Exact copies of the lines from the one with "Iphone 14 Kamera" through the last line of the entries, and no pictures, make up the answer.

[Items from a data source]
****
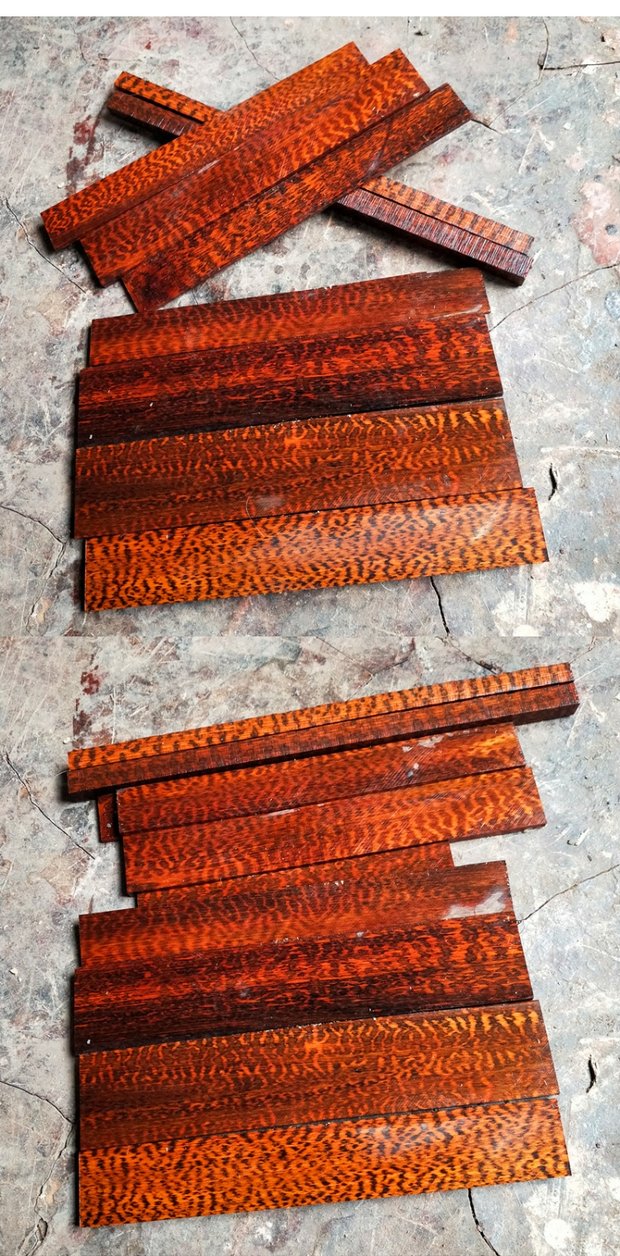 满花蛇纹木原木料手串筷子雕刻手把件书签印章牌子佛珠料棒针发簪半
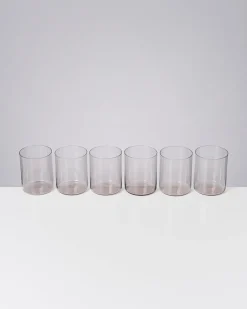 Motel a Miio Joia 6er Set Glas Groß amethist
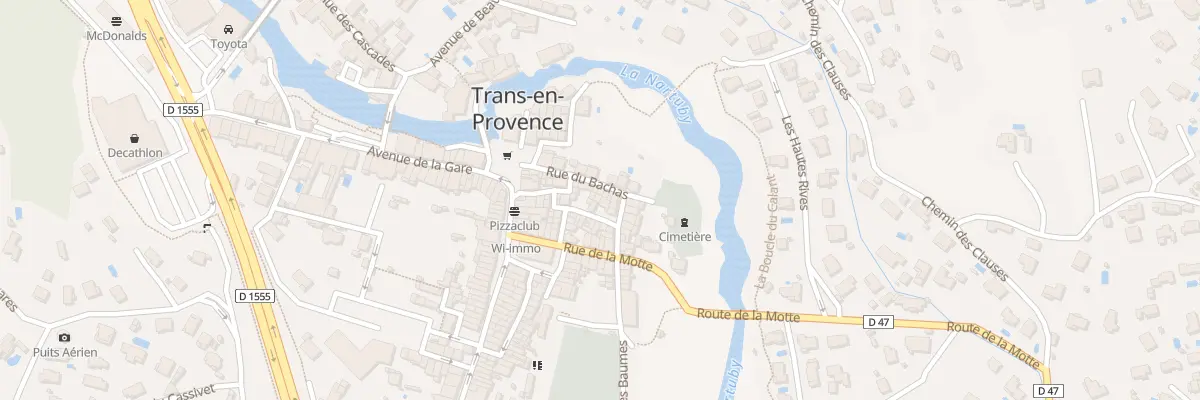 Plan du 8 Rue de la Placette à Trans-en-Provence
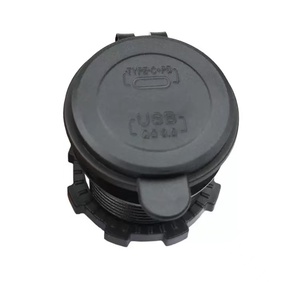 48W PD QC3.0 デュアル<span class=keywords><strong>USB</strong></span>カーチャージャー 12V 24V パネルマウント充電ソケット フリップリッド 車 ボート RV用 - Product Image 4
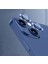 Iphone 14 Kamera Koruyucu Lens Mercek Metal Çerçeveli 2li Set Mavi Blue 2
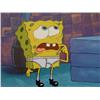 Image 2 : Cel Spongebob Animation Green Stuff Background Original
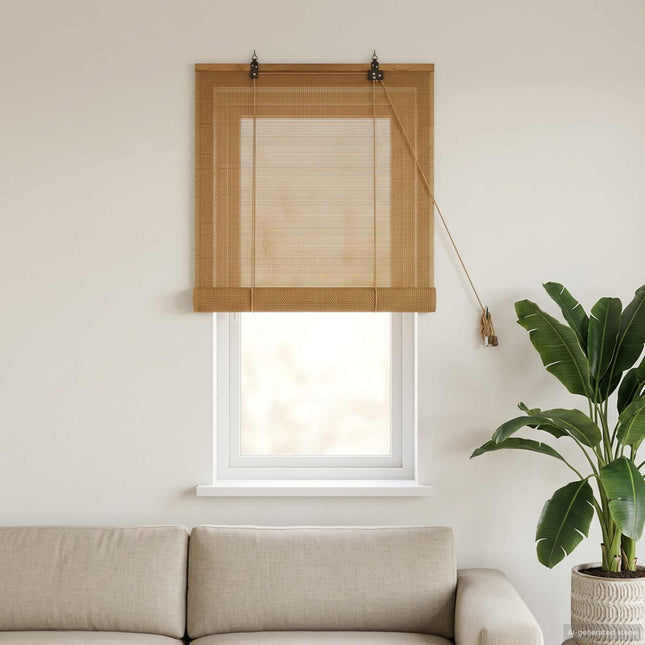 Rullegardin Brun 40 x 160 cm Bambus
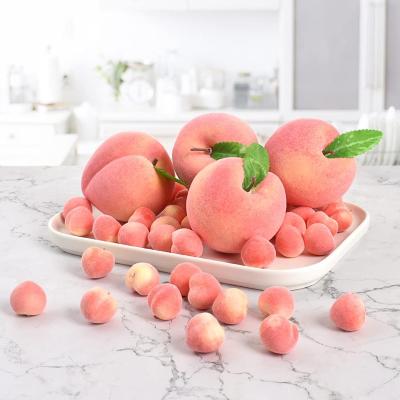 China Wholesale Durable Simulation Peach Durable Fake Fruit Home Decor Living Room Decoration Living Room Price Foam Peach for sale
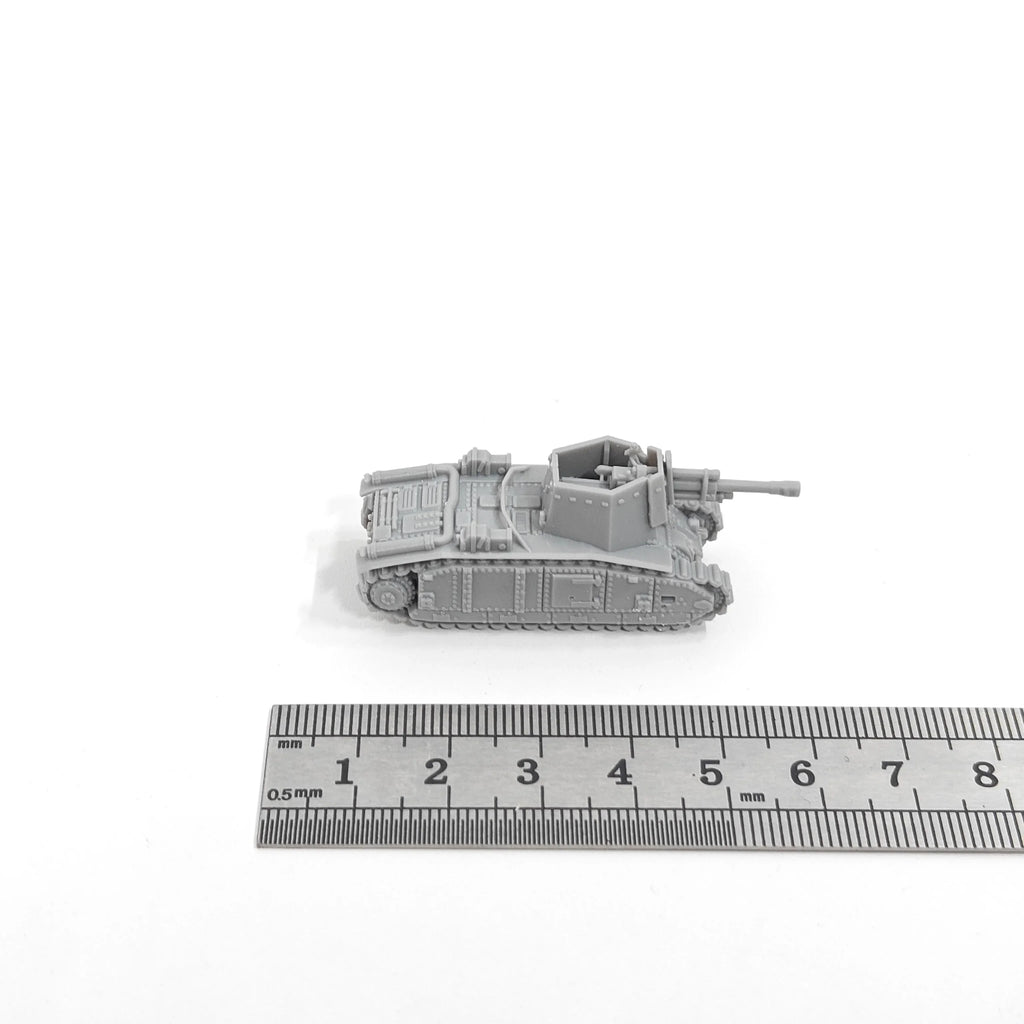 1/144 Scale 10.5 cm leFH 18/3 (Sf.) auf Geschützwagen B2(f) | WWII German Self-Propelled Howitzer Model Kit Unassembled - R Supply Store
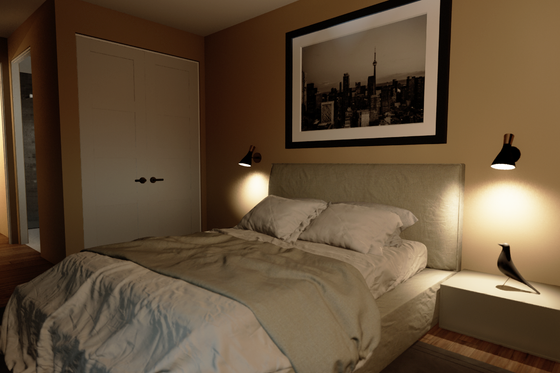 Interior - Bedroom 3 for Prairie House Plan #48-1069 - 4 bed, 3.5 bath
****
#### SOLUTION TO THIS EXERCISE:
 Iphone 14 Kamera Koruyucu Lens Mercek Metal Çerçeveli 2li Set Mavi Blue 2
 Image 2 : Cel Spongebob Animation Green Stuff Background Original
 Rullegardin Brun 40 x 160 cm Bambus
 China Wholesale Durable Simulation Peach Durable Fake Fruit Home Decor Living Room Decoration Living Room Price Foam Peach for sale
 1/144 Scale 10.5 cm leFH 18/3 (Sf.) auf Geschützwagen B2(f) | WWII German Self-Propelled Howitzer Model Kit Unassembled - R Supply Store
 Interior - Bedroom 3 for Prairie House Plan #48-1069 - 4 bed, 3.5 bath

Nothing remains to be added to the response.